Die Antragsteller tragen die Kosten des Verfahrens, für das Gerichtskosten nicht erhoben werden.
Gründe
Der Antrag auf Erlass einer einstweiligen Anordnung, den der Senat dahin versteht, dass er sich auf die erstinstanzlich mit Urteil des Verwaltungsgerichts Minden vom 10. Juli 2003 zuerkannten Leistungen für den Zeitraum von November 2001 bis Juli 2002 bezieht, hat keinen Erfolg. Die Antragsteller haben keinen Anordnungsgrund im Sinne des § 123 Abs. 1 Satz 2 VwGO glaubhaft gemacht.
Danach kann eine einstweilige Anordnung nur ergehen, wenn sie zur Abwendung wesentlicher Nachteile, zur Verhinderung drohender Gewalt oder aus anderen Gründen nötig erscheint. Die einstweilige Anordnung dient lediglich der Sicherung und nicht schon der Befriedigung von (glaubhaft gemachten) Rechten. Sie darf deshalb die Entscheidung in der Hauptsache grundsätzlich nicht vorwegnehmen. Eine Ausnahme gestattet dieser Grundsatz nur dann, wenn der Erlass einer einstweiligen Anordnung zur Vermeidung unzumutbarer Folgen für den Antragsteller notwendig ist. Anderenfalls würde die Entscheidung des Rechtsstreits in Abweichung von den Vorschriften der Verwaltungsgerichtsordnung von dem für die endgültige Rechtsfindung ausgestalteten Hauptsacheverfahren in das auf eine summarische Prüfung des Streitstoffes beschränkte Verfahren des vorläufigen Rechtsschutzes verlagert. Danach setzt die Notwendigkeit einer Entscheidung gerade im Wege des vorläufigen Rechtsschutzes voraus, dass dem Antragsteller das Abwarten einer Entscheidung in einem in der Regel länger dauernden Hauptsacheverfahren nicht zugemutet werden kann.
Vgl. etwa Senatsbeschluss vom 9. September 2002 - 12 B 1285/02 -.

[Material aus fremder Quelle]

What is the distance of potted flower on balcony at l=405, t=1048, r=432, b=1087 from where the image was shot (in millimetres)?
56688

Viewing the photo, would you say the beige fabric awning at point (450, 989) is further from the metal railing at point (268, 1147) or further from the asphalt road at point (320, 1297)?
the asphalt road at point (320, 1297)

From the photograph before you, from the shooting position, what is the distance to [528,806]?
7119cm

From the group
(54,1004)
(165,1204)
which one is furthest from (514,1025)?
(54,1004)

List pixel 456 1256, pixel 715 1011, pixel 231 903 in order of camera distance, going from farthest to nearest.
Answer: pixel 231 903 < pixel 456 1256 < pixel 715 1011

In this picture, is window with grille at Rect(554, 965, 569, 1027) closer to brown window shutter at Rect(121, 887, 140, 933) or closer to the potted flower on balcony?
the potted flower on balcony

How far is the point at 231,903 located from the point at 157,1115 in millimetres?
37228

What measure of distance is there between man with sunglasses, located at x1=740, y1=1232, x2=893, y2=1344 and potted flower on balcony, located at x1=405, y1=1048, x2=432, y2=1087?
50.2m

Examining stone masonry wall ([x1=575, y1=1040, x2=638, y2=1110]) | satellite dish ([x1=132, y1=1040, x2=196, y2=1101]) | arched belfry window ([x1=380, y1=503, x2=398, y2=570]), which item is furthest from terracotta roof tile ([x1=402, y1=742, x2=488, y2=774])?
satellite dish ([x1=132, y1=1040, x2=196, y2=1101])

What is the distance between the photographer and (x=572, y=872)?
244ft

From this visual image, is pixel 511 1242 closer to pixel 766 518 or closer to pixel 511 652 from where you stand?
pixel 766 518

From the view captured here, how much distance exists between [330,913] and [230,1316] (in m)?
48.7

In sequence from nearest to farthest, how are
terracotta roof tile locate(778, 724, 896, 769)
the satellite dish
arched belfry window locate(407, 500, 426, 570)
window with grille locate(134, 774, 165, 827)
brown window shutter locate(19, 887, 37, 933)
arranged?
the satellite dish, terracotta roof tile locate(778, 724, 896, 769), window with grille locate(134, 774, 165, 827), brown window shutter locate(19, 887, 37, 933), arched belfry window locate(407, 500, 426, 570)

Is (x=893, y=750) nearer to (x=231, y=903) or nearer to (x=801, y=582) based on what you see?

Diese Voraussetzung ist hier nicht erfüllt. Beim beschließenden Senat ist das Berufungsverfahren gleichen Rubrums - 12 A 3625/03 - anhängig, in dem der Antragsgegner sich gegen das Urteil des Verwaltungsgerichts Minden vom 10. Juli 2003 wendet. In diesem Berufungsverfahren ist Termin zur mündlichen Verhandlung auf den 6. September 2004 anberaumt worden. Der Senat wird aller Voraussicht nach aufgrund der mündlichen Verhandlung über die Berufung des Antragsgegners entscheiden. Gründe, aus denen den Antragstellern ein Abwarten dieser Entscheidung nicht zugemutet werden könnte, sind weder von ihnen vorgetragen worden noch sonst aus den Akten ersichtlich, zumal der notwendige Lebensunterhalt ihres Sohnes durch die Gewährung von Hilfe zum Lebensunterhalt nach dem Bundessozialhilfegesetz sichergestellt ist.
Die Kostenentscheidung beruht auf §§ 154 Abs. 1, 188 Satz 2 VwGO.
Dieser Beschluss ist gemäß § 152 Abs. 1 VwGO unanfechtbar.